● WORK INSTRUCTIONS
Since each line must match the original, copy out the records with no differences at all.

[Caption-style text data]
───
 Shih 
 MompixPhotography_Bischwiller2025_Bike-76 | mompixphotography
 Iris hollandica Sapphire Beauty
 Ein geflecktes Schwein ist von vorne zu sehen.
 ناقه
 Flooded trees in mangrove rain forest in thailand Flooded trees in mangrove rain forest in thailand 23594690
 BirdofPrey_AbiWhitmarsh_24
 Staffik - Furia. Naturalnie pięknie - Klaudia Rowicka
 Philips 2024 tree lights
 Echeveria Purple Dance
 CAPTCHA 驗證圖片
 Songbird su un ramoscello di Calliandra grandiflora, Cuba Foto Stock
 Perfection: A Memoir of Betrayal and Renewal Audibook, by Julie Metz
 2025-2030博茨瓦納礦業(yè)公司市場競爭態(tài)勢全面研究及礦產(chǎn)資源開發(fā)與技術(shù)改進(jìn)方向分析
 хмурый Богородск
───
● RESPONSE TO THIS EXERCISE
 Shih 
 MompixPhotography_Bischwiller2025_Bike-76 | mompixphotography
 Iris hollandica Sapphire Beauty
 Ein geflecktes Schwein ist von vorne zu sehen.
 ناقه
 Flooded trees in mangrove rain forest in thailand Flooded trees in mangrove rain forest in thailand 23594690
 BirdofPrey_AbiWhitmarsh_24
 Staffik - Furia. Naturalnie pięknie - Klaudia Rowicka
 Philips 2024 tree lights
 Echeveria Purple Dance
 CAPTCHA 驗證圖片
 Songbird su un ramoscello di Calliandra grandiflora, Cuba Foto Stock
 Perfection: A Memoir of Betrayal and Renewal Audibook, by Julie Metz
 2025-2030博茨瓦納礦業(yè)公司市場競爭態(tài)勢全面研究及礦產(chǎn)資源開發(fā)與技術(shù)改進(jìn)方向分析
 хмурый Богородск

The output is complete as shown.